Por outro lado, tinha o péssimo hábito de nem sempre dar crédito a seus parceiros quando as músicas eram lançadas em disco. Passou o calote num motorista de táxi a quem escalou para atender a Chubby Checker durante a estada do rei do twist no Brasil. Descobriu que podia registrar em seu nome músicas de domínio público, como "Meu Limão, Meu Limoeiro", e passou a fazê-lo sem o menor escrúpulo. Já a acusação de que "A Praça" teria sido roubada de um autor desconhecido é apresentada no livro como uma de suas muitas armações para atrair publicidade. Só que o tiro saiu pela culatra, pois apareceu outro acusador para incomodá-lo. E também sua credibilidade ficou abalada. Quando compôs "Você Passa, Eu Acho Graça" em parceria com Ataulfo Alves, houve quem duvidasse da verdadeira contribuição de Imperial à música. Mas Ataulfo confirmou que era para valer.
Uma questão que o livro não responde, deixando para o leitor tirar suas próprias conclusões, é: teria sido Carlos Imperial o responsável pela notícia falsa que quase acabou com a carreira de Mário Gomes em 1977? Aquela da cenoura? A nota que saiu sem assinatura em "A Luta Democrática" foi imediatamente repercutida por Imperial em um depoimento para o mesmo veículo. A rixa entre os dois vinha de um processo movido pelo ator em razão da mudança do nome do filme de que participara de "Ele, ela e o etc" para "O Sexo das Bonecas". E, principalmente, pela elaboração de um cartaz com uma ilustração em que Gomes aparecia de batom e maquiagem feminina. O recolhimento e a substituição dos cartazes atrasaram em dois meses o lançamento do filme produzido por Imperial. A calúnia teria sido o troco por esse incômodo.
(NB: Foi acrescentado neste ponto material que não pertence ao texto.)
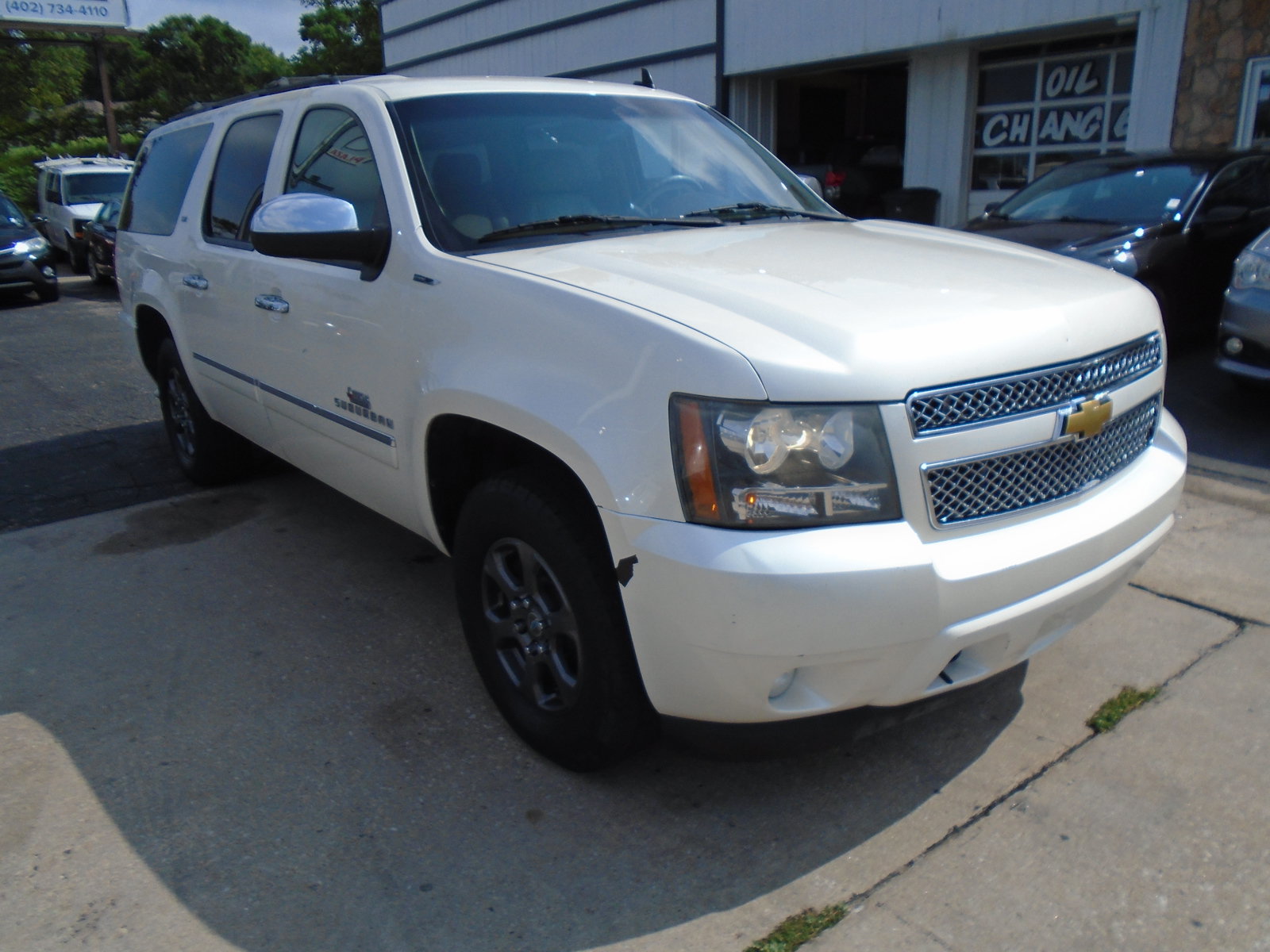 Used 2013 Chevrolet Suburban LTZ AWD/4WD image 8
Mocinho ou vilão, Carlos Imperial foi importante no começo de muitas carreiras célebres: Roberto Carlos, Erasmo Carlos, Renato e Seus Blue Caps, Ed Wilson, Wilson Simonal, Fábio, Guilherme Lamounier, Tony Tornado e Dudu França. A biografia conta ainda os 15 minutos de fama de sua filha Maria Luíza como jurada do programa Flávio Cavalcanti, onde se mostrou uma versão jovem e feminina do pai: impiedosa e sem papas na língua. Não poderia faltar também a incursão de Imperial na política como vereador do Rio de Janeiro e posteriormente na criação de um "Partido Tancredista Nacional", para valer-se da popularidade do Presidente que faleceu antes de assumir.
Denilson Monteiro realizou a pesquisa de texto e imagem do livro "Vale Tudo - o Som e a Fúria de Tim Maia", de Nélson Motta. Muito do material coletado serviu para este novo projeto que agora ele próprio assina. Aproveitando o embalo, bem que ele poderia focalizar outros personagens dessa história. Considerando que já saíram livros sobre Tim Maia, Simonal, Fábio, Erasmo Carlos e Roberto Carlos, que tal Renato e Seus Blue Caps?